Funny…perhaps I should check up a bit on them. Customer for 27 years now…


----------



## Nathan (Oct 20, 2022)

I wasn't impressed with WF, had a checking account with them for a couple years, they nickel-and-dimed me to death.


----------



## rwb (Nov 26, 2022)

I had a bad experience with Wells Fargo 8 years ago and we parted ways.  The area manager in the Coastal Carolina area lied to me on two issues related to my mortgage.  Would not trust that company with a dime of my money!!


----------



## bowmore (Nov 26, 2022)

Interesting.
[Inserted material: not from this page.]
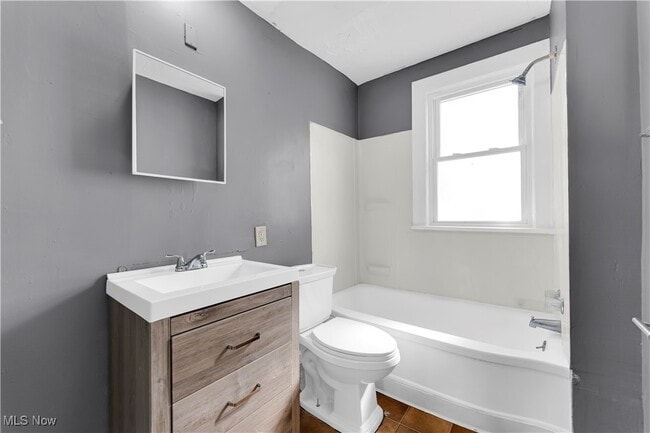 property at 414 E 147th St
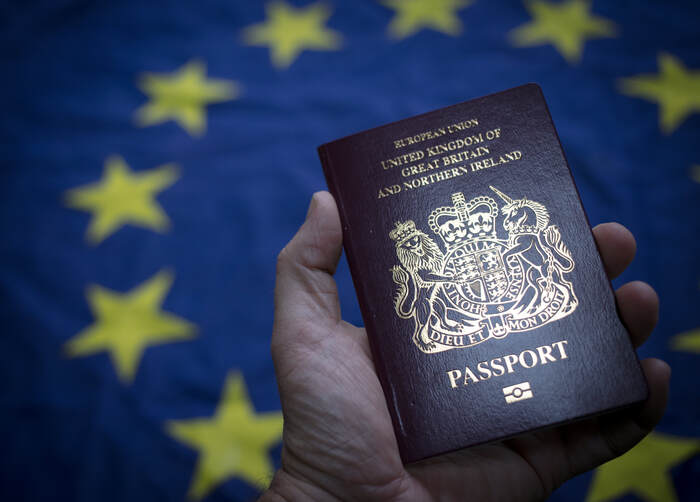 Đi Úc nên mang theo những gì - Nên kiểm tra lại Passport có còn thời hạn trên 6 tháng hay không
I had a checking account, trust account, and HELOC with them and had no problems.


----------



## DebraMae (Nov 26, 2022)

They used to handle a pension I had, but that switched over to Banner in 2021.  I imagine the problems with WF was the reason it was switched.


----------



## Liberty (Nov 27, 2022)

Have a friend who used to be a mortgage lender with them...what stories he could tell.


----------



## Alligatorob (Nov 27, 2022)

No but I once had a toy stage wagon with a Wells Fargo trunk on it...


----------



## 1955 (Nov 28, 2022)

I don’t stick with any particular bank or financial institution. It’s who ever has the best rates & reviews. Now days if you have a little money I don’t expect to pay any fees ever. Also, I want the highest interest on my checking, savings, money market and CD’s. Now days it’s so easy to transfer your funds it pays to move around. Discover just had a $200 dollar promo for opening a savings account with them. Yeah you have to jump through some hoops but I keep a little money available just for that purpose. After the minimums are met it’s time to look for another deal! This is something I do with money I don’t want to risk in the market.


----------



## Disgustedman (Nov 28, 2022)

Well, if they could hang me, they would. 2005, got a bee in my bonnet and bought an overpriced Dodge Durango. (The dealer is also scum) but anyway, I also got a $1,000 loan from the bank also.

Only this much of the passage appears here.